*** DATA SEGMENT ***

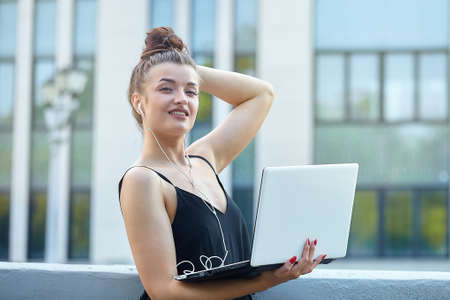 beautiful girl walks around the city, working on a laptop. holding a laptop and listening to music.の写真素材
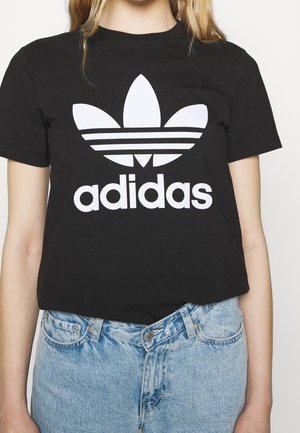Osoba ubrana w czarną koszulkę Adidas z dużym białym logo i jasnoniebieskie dżinsy, pokazana od szyi do bioder.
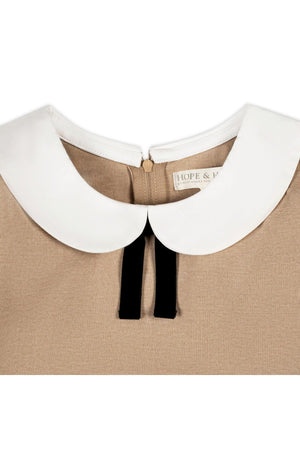 Close-up of a camel-colored dress featuring a white Peter Pan collar and a velvet bow detail, crafted from organic cotton. The label reads HOPE & J.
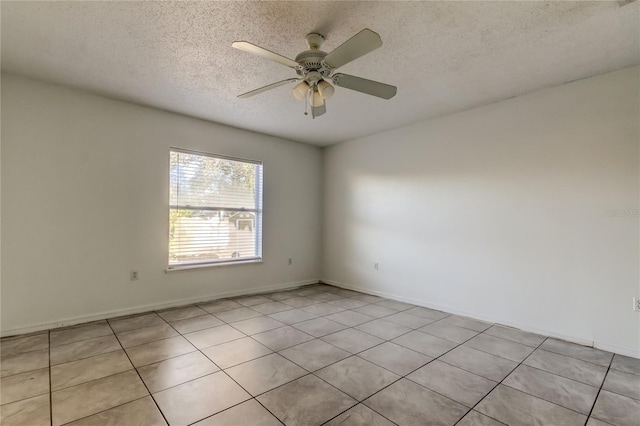 empty room featuring ceiling fan, light tile patterned floors, and a textured ceiling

*** End of DATA SEGMENT ***

EXERCISE DETAILS: Your answer must be the exact lines from the start of the data through the line with "Osoba ubrana w", inclusive, and nothing else; pictures do not belong in it.

TASK RESULT:
 beautiful girl walks around the city, working on a laptop. holding a laptop and listening to music.の写真素材
Osoba ubrana w czarną koszulkę Adidas z dużym białym logo i jasnoniebieskie dżinsy, pokazana od szyi do bioder.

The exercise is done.